Wiegand Tübel wurde am 24. Juni 1925 in Kleindittmannsdorf bei Pulsnitz in Sachsen geboren und verlebte bis 1942 dort seine Kindheit und Jugendjahre auf dem Lande. Mit 18 Jahren wurde er, wie beinahe jeder seiner Generation, von 1943 bis 1945 zum Wehrdienst einberufen. Als Marinesoldat kämpfte er vor der französischen Kanalküste. Von 1945 bis 1947 war er in englischer Gefangenschaft. Nach seiner Entlassung kehrt er in seine Heimat nach Kleindittmannsdorf zurück. Der alte Dorfschullehrer Hans Stübner, eine außerordentlich musische Persönlichkeit, war nun sein Nachbar. Als Schulkind brachte dieser ihm das Flötenspiel bei.

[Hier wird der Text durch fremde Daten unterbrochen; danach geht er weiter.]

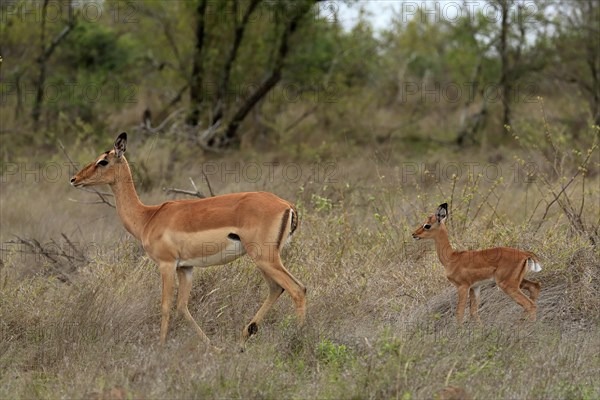 Black Heeler Antelope, (Aepyceros melampus), adult, female, young animal, mother with young animal,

Damals beeindruckten Wiegand Tübel die Bilder des Dorflehrers noch nicht. Nun einige Jahre später ist er von dessen Malerei fasziniert und eifert ihm nach – „… indem ich ihm über die Schulter geschaut habe …“, erzählt er. Überwiegend sind in dieser Zeit Landschaften die Motive seines Schaffens. Sein Berufsleben als Meister im Kühlanlagenbau Dresden Anfang der 50er Jahre erforderte den Umzug nach Dresden auf die Bautzener Straße. Später, im Jahr 1967, zog er mit seiner Familie nach Kaitz. Seit 1956 besuchte der Projektant für Kühlanlagenbau den ersten Malzirkel – organisiert durch die Stadt Dresden. Er war sozusagen einer der ersten „Malpioniere“ in der noch im Aufbau befindlichen Stadt Dresden. „Wir trafen uns an der Wilsdruffer Straße. Der Zeichensaal war noch Ruine, wie so vieles in Dresden“, erzählt er. Drei Jahre war er im Zeichenzirkel aktiv. In den kommenden 20 Jahren ruhte die Malerei. Ein vom VEB Baukombinat ins Leben gerufener Malzirkel war der Beginn eines bis heute andauernden Schaffens. Von Frau Christa Schumann, einer Dresdner Malerin und Grafikerin, wurde der Malkreis geleitet.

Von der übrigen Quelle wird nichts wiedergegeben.